* _Try it_: Copy each line of the material in which the word "Rent" appears.
----
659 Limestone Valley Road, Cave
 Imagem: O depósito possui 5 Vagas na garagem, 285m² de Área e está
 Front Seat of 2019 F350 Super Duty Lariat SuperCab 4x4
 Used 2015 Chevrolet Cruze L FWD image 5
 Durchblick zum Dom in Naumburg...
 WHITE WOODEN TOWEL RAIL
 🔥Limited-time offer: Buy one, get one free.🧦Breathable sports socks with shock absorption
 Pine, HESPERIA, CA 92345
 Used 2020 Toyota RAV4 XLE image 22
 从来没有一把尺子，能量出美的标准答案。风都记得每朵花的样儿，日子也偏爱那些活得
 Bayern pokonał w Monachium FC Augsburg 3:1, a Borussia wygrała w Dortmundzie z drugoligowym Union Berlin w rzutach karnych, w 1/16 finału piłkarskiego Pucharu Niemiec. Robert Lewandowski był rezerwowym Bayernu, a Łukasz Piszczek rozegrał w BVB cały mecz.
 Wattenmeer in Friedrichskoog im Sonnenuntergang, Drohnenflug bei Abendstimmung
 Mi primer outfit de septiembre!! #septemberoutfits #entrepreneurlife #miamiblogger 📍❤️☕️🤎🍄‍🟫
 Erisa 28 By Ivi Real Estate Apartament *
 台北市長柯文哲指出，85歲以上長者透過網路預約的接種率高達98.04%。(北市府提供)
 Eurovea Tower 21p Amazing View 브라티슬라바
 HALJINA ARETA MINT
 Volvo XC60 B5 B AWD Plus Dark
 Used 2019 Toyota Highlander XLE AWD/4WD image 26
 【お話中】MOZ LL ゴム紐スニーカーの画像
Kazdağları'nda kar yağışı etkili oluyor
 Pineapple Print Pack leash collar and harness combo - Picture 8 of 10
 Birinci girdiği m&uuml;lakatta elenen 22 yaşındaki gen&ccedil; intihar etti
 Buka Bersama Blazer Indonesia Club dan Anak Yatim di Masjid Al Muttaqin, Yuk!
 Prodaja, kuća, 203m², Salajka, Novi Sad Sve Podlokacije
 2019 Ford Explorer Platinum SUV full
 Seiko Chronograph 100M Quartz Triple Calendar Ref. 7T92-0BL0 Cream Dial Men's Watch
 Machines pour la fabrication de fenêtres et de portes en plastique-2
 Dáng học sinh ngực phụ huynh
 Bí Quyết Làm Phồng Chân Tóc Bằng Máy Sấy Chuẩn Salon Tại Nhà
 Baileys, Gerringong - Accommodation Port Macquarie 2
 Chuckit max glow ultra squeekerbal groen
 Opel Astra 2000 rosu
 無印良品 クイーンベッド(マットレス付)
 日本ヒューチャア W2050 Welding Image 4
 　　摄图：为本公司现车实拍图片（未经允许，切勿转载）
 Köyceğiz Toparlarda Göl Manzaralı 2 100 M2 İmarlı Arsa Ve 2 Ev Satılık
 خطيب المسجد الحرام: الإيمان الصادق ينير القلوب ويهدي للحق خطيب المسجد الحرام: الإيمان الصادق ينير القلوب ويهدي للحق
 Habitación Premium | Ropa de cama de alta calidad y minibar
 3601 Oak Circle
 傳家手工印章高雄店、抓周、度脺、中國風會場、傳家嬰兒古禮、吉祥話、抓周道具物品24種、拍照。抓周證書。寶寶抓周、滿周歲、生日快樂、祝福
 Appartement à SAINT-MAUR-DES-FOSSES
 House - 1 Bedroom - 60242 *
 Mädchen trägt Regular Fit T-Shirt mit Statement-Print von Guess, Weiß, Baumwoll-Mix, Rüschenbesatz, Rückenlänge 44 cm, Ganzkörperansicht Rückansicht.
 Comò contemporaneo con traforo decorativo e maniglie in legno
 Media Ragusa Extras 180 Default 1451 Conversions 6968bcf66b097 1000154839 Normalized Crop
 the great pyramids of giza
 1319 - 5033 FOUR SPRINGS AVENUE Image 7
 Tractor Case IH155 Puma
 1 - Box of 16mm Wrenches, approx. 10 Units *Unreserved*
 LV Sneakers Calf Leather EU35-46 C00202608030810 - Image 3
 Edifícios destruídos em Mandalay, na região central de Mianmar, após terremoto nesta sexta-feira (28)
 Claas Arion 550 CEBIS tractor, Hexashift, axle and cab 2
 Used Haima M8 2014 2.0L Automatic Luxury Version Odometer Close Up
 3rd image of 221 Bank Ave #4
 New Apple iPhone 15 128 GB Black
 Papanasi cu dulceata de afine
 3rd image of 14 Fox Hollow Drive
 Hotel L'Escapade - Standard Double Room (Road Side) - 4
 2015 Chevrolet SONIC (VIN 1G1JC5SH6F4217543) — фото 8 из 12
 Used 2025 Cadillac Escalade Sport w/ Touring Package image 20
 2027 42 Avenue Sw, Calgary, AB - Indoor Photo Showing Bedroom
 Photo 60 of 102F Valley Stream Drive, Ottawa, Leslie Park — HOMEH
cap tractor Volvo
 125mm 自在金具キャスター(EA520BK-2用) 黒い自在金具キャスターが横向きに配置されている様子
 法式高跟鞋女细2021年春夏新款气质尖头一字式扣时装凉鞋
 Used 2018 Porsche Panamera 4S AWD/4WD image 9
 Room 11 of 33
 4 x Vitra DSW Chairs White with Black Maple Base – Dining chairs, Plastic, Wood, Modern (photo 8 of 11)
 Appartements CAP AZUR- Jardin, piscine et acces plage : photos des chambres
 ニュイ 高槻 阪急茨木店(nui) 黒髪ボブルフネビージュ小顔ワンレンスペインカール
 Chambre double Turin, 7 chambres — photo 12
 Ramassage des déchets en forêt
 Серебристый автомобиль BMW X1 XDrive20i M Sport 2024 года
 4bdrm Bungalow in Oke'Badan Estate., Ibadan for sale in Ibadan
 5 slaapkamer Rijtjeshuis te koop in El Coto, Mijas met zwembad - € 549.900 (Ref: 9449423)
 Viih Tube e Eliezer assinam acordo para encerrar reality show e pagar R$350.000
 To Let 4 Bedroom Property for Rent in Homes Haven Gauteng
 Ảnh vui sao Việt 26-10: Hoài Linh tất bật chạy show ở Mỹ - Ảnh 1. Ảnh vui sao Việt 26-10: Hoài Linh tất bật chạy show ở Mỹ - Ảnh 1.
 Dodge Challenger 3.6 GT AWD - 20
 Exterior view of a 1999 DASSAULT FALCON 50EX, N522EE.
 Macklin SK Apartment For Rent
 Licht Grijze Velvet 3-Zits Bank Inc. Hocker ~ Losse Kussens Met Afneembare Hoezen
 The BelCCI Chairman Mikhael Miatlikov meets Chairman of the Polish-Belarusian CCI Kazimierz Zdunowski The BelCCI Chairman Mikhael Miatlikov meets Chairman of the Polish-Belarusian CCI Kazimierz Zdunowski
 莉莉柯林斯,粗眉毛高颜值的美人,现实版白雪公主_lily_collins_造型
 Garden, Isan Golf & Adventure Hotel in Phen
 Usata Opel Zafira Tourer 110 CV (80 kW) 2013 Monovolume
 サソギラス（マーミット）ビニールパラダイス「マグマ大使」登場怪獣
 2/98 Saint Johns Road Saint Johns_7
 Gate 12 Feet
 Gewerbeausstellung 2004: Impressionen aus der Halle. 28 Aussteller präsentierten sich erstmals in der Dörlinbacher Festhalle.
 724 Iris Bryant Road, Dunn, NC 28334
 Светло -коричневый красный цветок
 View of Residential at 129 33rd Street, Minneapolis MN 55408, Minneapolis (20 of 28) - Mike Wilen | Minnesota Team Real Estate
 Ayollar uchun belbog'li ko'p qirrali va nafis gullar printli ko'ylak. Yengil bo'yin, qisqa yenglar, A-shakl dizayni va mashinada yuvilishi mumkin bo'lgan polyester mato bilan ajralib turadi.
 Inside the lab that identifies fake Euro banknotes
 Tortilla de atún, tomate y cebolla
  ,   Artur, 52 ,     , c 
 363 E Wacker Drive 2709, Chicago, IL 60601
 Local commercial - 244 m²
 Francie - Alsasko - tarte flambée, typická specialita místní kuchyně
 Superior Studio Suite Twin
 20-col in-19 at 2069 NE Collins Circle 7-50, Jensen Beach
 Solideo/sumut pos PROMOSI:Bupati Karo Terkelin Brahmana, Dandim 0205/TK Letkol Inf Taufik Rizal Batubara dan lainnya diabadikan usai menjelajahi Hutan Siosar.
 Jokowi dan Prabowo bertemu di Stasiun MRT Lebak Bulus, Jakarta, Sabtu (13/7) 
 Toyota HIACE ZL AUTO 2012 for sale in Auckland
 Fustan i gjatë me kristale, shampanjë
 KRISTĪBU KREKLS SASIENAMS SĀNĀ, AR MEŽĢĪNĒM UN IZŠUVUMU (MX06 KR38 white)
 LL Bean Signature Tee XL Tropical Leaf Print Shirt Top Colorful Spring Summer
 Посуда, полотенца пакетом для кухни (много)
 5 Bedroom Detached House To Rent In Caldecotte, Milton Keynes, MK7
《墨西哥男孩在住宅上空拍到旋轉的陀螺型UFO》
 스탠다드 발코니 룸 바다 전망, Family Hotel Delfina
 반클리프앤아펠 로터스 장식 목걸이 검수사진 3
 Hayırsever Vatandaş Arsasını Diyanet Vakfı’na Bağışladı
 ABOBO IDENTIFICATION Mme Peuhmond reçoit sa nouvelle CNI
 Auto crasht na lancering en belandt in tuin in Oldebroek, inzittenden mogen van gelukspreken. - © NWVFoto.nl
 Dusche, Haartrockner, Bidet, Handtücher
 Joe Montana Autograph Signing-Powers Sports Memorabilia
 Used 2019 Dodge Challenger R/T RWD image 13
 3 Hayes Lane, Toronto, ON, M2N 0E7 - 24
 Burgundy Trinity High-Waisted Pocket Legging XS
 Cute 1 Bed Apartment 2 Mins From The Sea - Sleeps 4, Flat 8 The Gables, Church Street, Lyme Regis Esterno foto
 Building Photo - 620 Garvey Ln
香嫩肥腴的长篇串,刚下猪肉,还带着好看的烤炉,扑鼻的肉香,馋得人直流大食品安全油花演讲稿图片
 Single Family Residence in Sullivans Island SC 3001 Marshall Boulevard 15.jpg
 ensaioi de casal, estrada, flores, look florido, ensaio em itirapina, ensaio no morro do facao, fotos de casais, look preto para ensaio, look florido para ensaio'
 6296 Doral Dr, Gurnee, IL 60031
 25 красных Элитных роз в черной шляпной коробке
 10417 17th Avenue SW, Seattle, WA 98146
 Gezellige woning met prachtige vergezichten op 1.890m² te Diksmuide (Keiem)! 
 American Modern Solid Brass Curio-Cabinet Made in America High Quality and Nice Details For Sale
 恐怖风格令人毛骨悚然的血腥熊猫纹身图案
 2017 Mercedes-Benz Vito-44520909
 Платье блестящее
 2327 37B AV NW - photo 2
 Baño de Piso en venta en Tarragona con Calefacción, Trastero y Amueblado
----
* _Answer for the task_:
 To Let 4 Bedroom Property for Rent in Homes Haven Gauteng
 Macklin SK Apartment For Rent
 5 Bedroom Detached House To Rent In Caldecotte, Milton Keynes, MK7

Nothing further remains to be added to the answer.